CATCH OF THE DAY: Black teatfish 2 of 3

Local fishers in the Torres Strait have reeled in a successful black teatfish season after a 20-year ban and trials to manage overfishing.

Black teatfish are in global demand, particularly across Asia, and are a very high value sea cucumber.

Torres Strait Regional Authority (TSRA) Chairperson Napau Pedro Stephen AM said the short but significant season (15 – 18 May) supported economic development and species sustainability.

“The opening is part a long-term plan developed by local people, scientists and industry to support species regeneration and healthy stock levels,” Mr Stephen said.

“This is a success story about local voices leading local outcomes to balance economic and environmental aspirations in the Torres Strait.”

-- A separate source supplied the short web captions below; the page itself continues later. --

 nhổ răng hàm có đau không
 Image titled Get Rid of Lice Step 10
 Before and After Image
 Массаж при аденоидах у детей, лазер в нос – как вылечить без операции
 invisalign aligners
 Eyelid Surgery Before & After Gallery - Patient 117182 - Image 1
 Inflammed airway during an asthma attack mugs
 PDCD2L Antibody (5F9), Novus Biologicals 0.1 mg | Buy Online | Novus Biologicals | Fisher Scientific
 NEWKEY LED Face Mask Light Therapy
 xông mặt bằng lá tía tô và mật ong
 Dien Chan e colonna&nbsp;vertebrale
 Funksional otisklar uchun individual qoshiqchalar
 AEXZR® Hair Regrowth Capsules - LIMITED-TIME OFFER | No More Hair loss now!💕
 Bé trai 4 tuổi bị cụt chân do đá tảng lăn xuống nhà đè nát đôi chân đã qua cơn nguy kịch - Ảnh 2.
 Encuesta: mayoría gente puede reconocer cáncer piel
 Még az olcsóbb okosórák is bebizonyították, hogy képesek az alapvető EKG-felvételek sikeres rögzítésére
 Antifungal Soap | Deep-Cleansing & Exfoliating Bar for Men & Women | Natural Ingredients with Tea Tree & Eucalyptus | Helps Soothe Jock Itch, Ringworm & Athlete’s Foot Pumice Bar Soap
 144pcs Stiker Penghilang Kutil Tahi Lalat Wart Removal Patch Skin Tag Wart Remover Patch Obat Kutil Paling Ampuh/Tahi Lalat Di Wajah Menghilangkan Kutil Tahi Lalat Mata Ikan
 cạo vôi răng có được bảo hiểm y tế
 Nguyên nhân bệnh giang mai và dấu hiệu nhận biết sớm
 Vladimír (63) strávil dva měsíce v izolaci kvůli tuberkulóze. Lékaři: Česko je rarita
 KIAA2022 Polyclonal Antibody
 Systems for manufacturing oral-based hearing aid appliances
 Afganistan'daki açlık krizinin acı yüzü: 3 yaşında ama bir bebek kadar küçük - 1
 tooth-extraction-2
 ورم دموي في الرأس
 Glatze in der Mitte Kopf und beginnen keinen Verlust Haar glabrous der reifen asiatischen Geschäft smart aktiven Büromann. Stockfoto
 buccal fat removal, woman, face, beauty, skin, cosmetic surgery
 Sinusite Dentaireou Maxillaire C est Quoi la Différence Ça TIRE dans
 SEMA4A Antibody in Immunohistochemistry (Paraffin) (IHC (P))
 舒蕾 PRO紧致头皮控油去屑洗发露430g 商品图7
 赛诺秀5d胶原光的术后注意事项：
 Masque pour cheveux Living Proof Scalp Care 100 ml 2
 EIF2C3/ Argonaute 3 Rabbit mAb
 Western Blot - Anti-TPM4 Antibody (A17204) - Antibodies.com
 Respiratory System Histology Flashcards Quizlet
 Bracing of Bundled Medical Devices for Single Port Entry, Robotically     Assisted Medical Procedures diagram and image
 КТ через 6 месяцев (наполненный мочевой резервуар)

More than 150 Traditional Inhabitant Boat Licence Holders have exclusive access rights to catch black teatfish, generating hundreds of thousands of dollars for the local economy.

Mer Islander Michael Passi is a respected commercial fisherman of more than 20 years and member of various fisheries advisory groups.

Mr Passi said the positive outcome demonstrated a new way of working together to connect traditional knowledge with Western science in the Torres Strait.

“We are blessed with quality produce including sea cucumber, tropical rock lobster and finfish in our region,” Mr Passi said.

“When it comes to black teatfish, local fishers can catch a year’s salary in just a few days.

“The oceans care for us, so we must care for our oceans.

“By working together to value traditional ecological knowledge alongside science, we can support a sustainable fishing industry for generations to come.”

The black teatfish season had a 20-tonne allowable catch limit.  The season closed on Thursday, 18 May after the total catch was caught just three and a half days after the opening.

The TSRA is a member of the Protected Zone Joint Authority (PZJA), which is responsible for the management of commercial and traditional fishing in the Australian area of the Torres Strait Protected Zone (TSPZ) and designated adjacent Torres Strait waters.

As a PZJA partner, TSRA proudly supported recent consultation, including a Beche-de-Mer industry workshop on Horn Island in May, to enable local decision-making on the season opening.